Copy out exactly the stretch below, from the line with "amidst the 112475072" through the line with "A neatly made", both included; the pictures stay out.

Excerpted records:
::::::
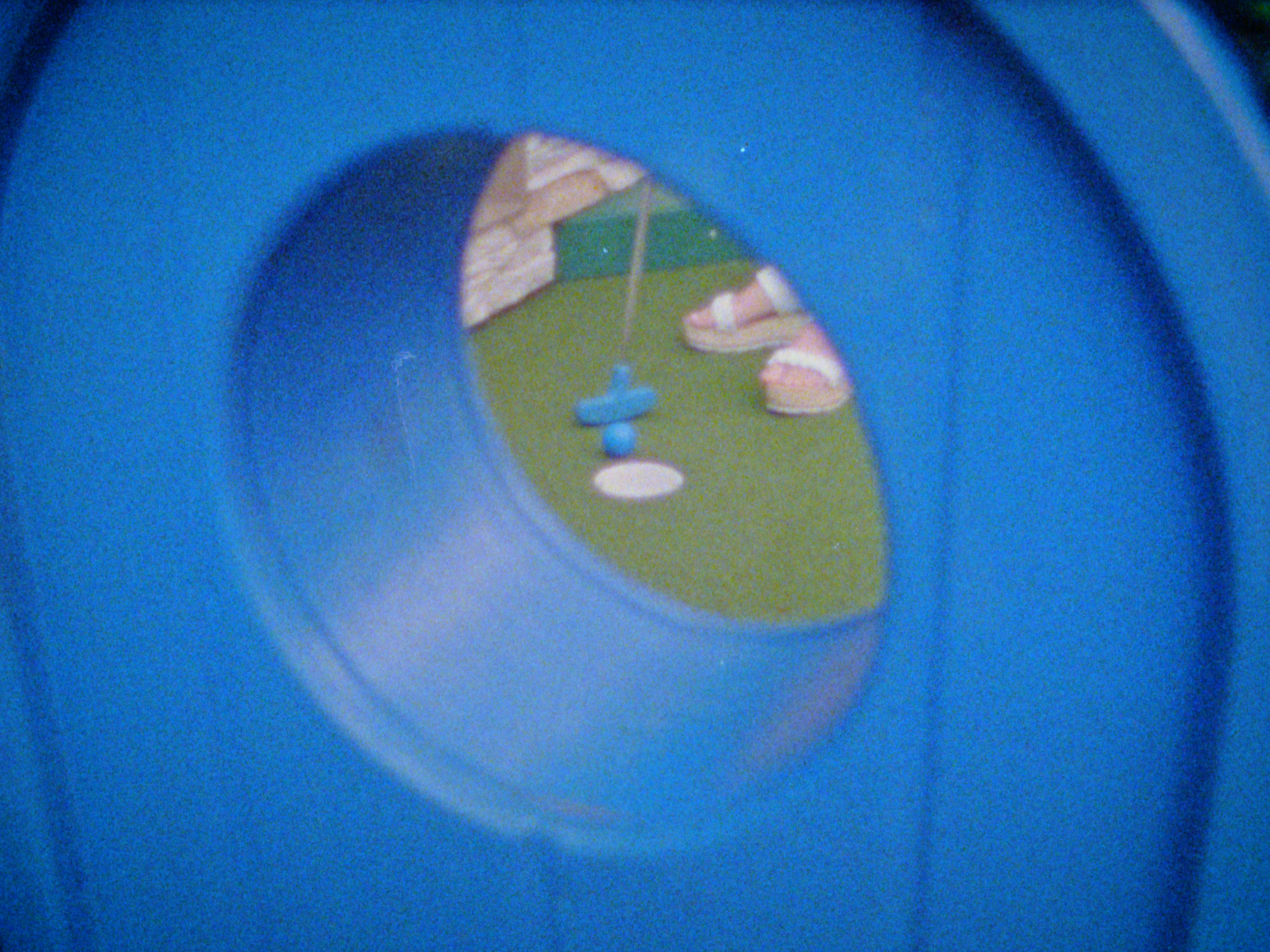 A view through a blue circular tunnel or tube with a small outdoor scene visible at the end, including a structure and some objects on the ground.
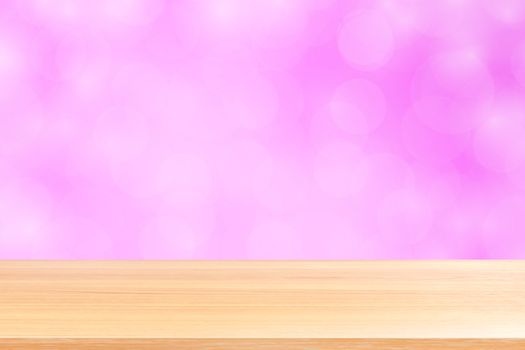empty wood table floors on blurred bokeh soft pink gradient background, wooden plank empty on pink bokeh colorful light shade, colorful bokeh lights gradient soft for banner advertising products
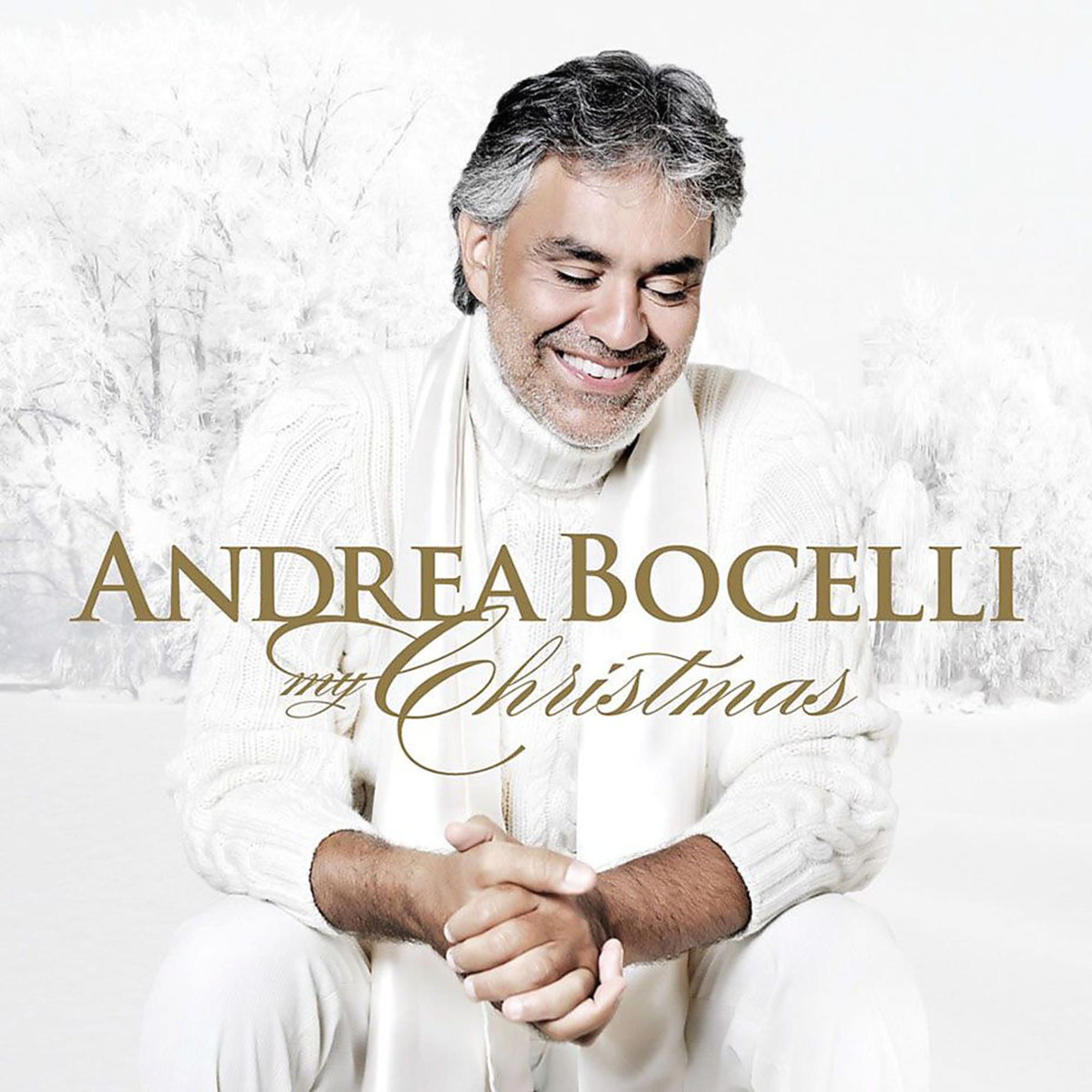 Andrea Bocelli vor schneebedecktem Hintergrund. Er trägt einen weißen Pullover und Schal.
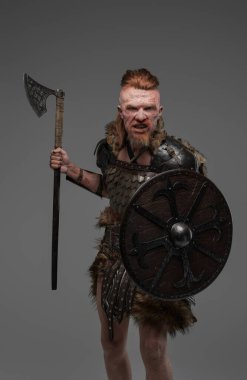 Kızıl saçlı çılgın Viking kalkan ve balta ile Gri üzerinde izole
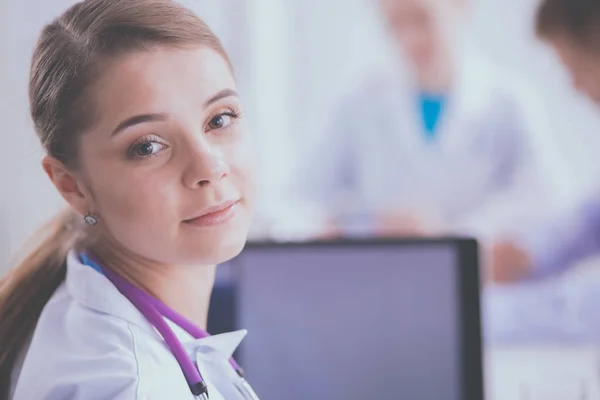 Hermosa joven sonriente doctora sentada en el escritorio — Foto de Stock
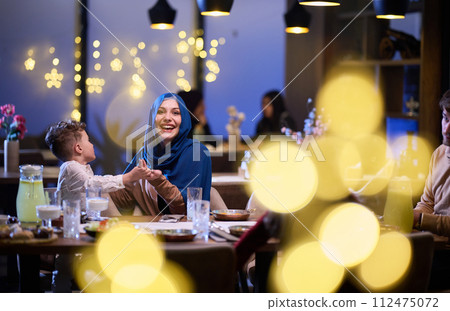 In a modern restaurant, an Islamic couple and their children joyfully await their iftar meal during the holy month of Ramadan, embodying familial harmony and cultural celebration amidst the In a modern restaurant, an Islamic couple and their children joyfully await their iftar meal during the holy month of Ramadan, embodying familial harmony and cultural celebration amidst the 112475072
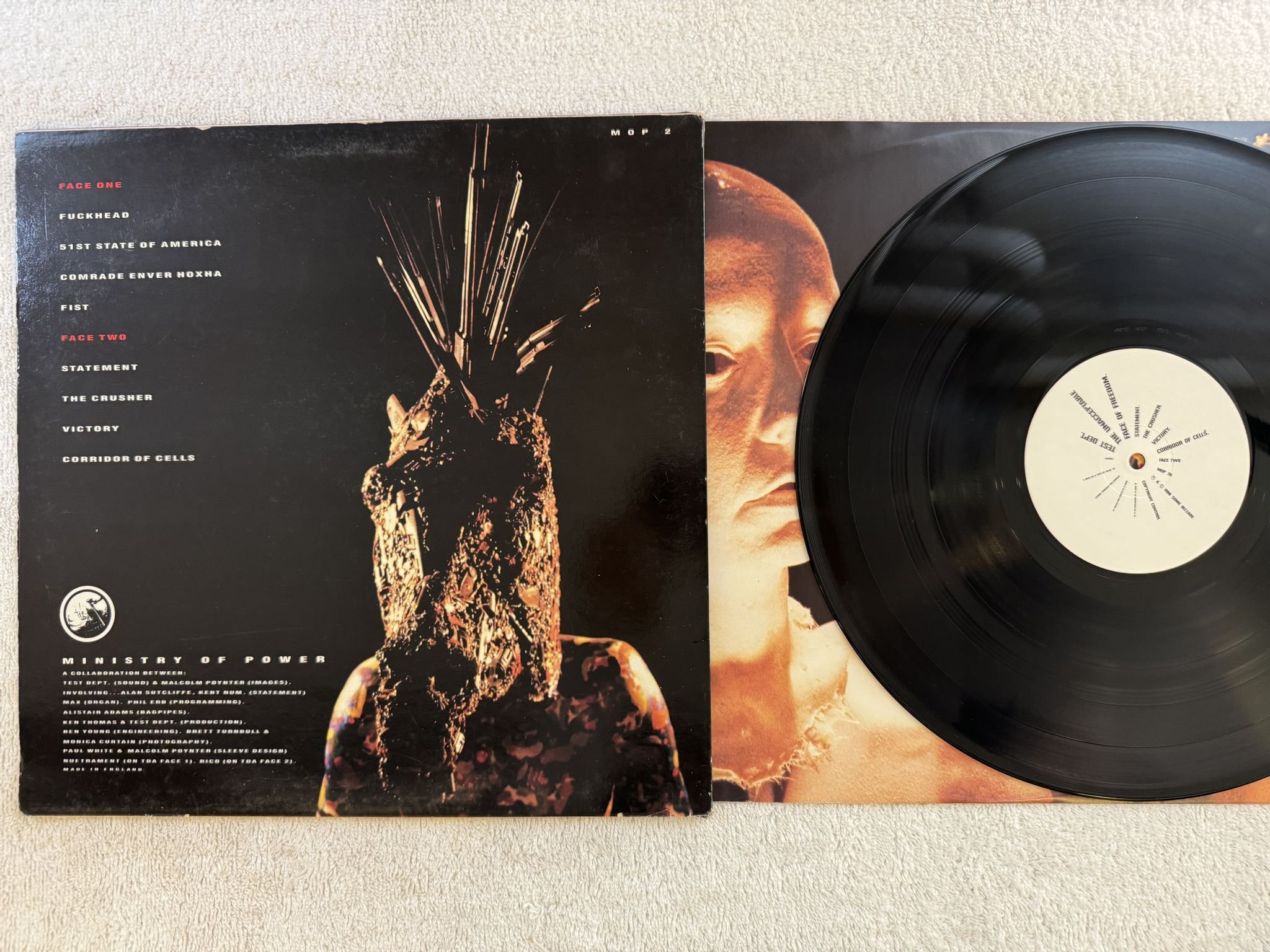 Omslagsbild för skivan TEST DEPT. The Unacceptable Face Of Freedom LP -86 re UK MINISTRY OF POWER MOP 2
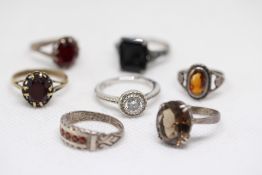 Seven Gemmed Silver Rings.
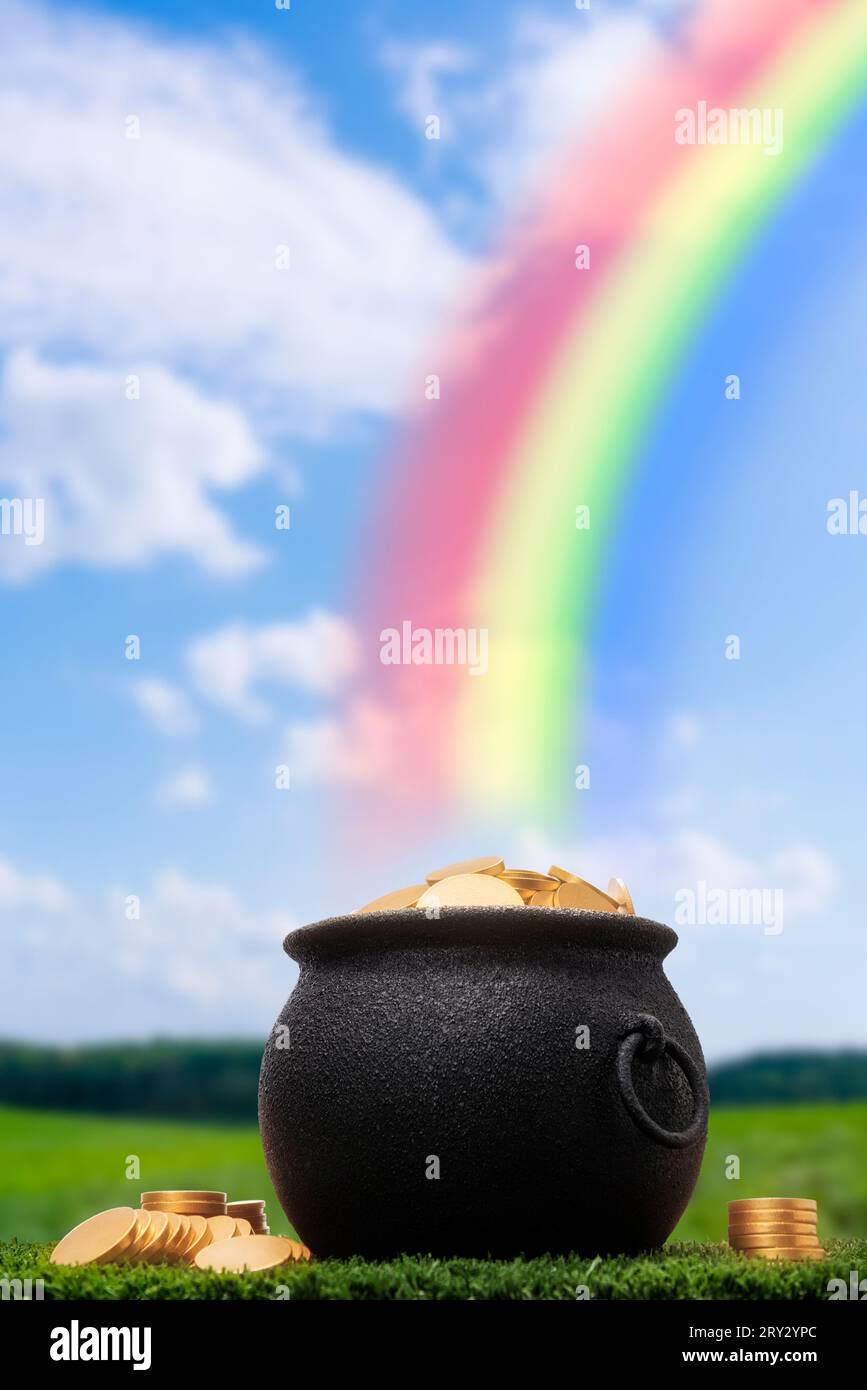 Un vaso di ghisa nera pieno di monete d'oro seduto nell'erba alla fine di un arcobaleno. Alcune monete d'oro sono impilate sull'erba accanto al vaso. Foto Stock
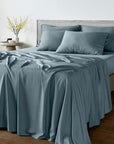 A neatly made bed with bambaw cozy dusty blue bamboo bedding, including a duvet cover and matching pillowcases, styled in a minimalist bedroom setting with a wooden floor and a side table.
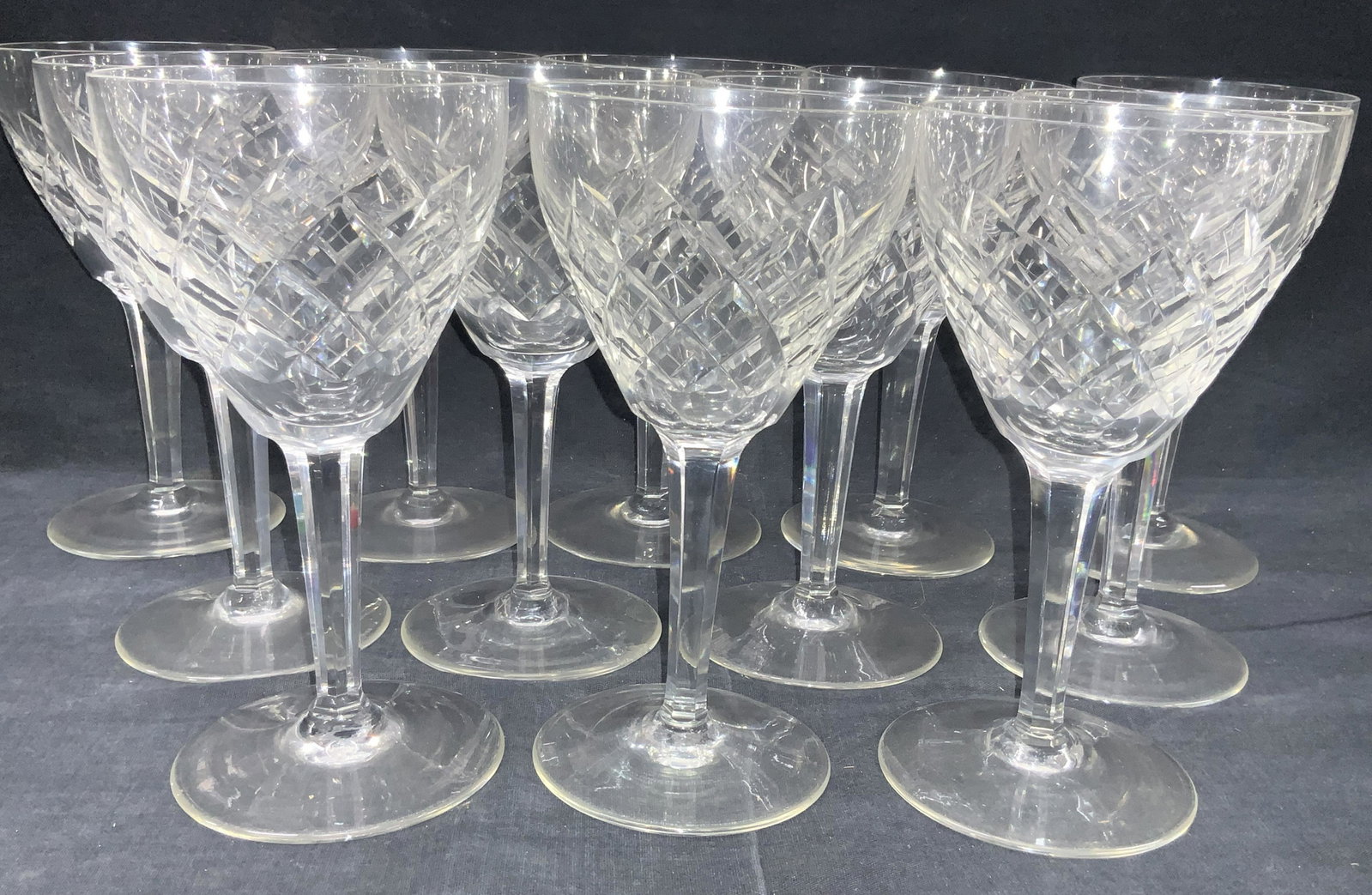 Set 12 Maastricht Crystal Stemware/ Wine Glasses: Set of 12 cut crystal wine glass stemwares. Marked Maastricht on undersides, Cut with diamond shapes on exterior with faceted stems and solid bases. Approximately 7.25 inches tall and 3.75 inch diamet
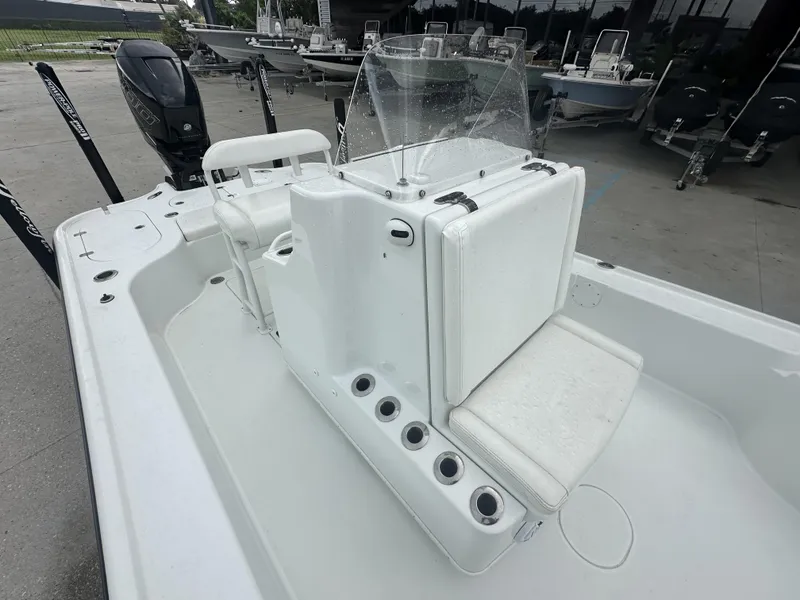 Slide: The Image of 2012 Yellowfin 24 Bay boat interior with seating and console, parked outdoors. - 5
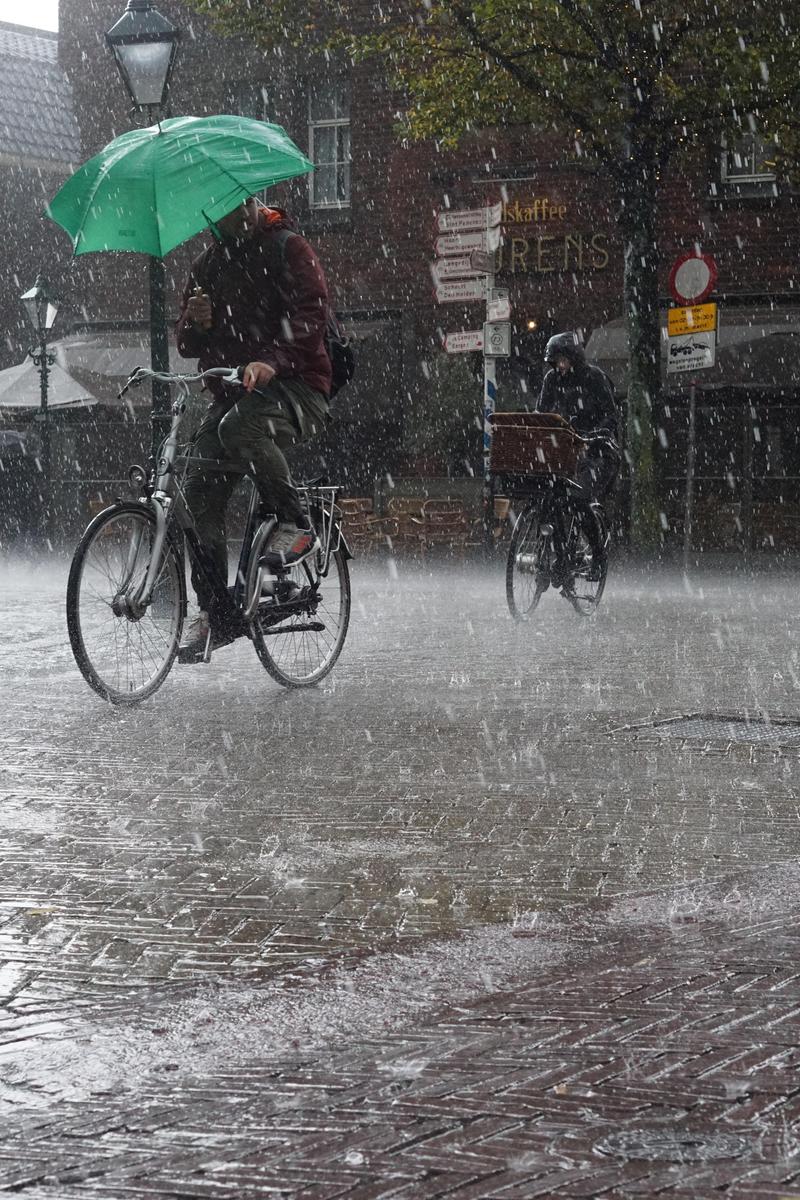 Cyclists riding in heavy rain, one with an umbrella and the other on a bike.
::::::
Written response:
 In a modern restaurant, an Islamic couple and their children joyfully await their iftar meal during the holy month of Ramadan, embodying familial harmony and cultural celebration amidst the In a modern restaurant, an Islamic couple and their children joyfully await their iftar meal during the holy month of Ramadan, embodying familial harmony and cultural celebration amidst the 112475072
 Omslagsbild för skivan TEST DEPT. The Unacceptable Face Of Freedom LP -86 re UK MINISTRY OF POWER MOP 2
 Seven Gemmed Silver Rings.
 Un vaso di ghisa nera pieno di monete d'oro seduto nell'erba alla fine di un arcobaleno. Alcune monete d'oro sono impilate sull'erba accanto al vaso. Foto Stock
 A neatly made bed with bambaw cozy dusty blue bamboo bedding, including a duvet cover and matching pillowcases, styled in a minimalist bedroom setting with a wooden floor and a side table.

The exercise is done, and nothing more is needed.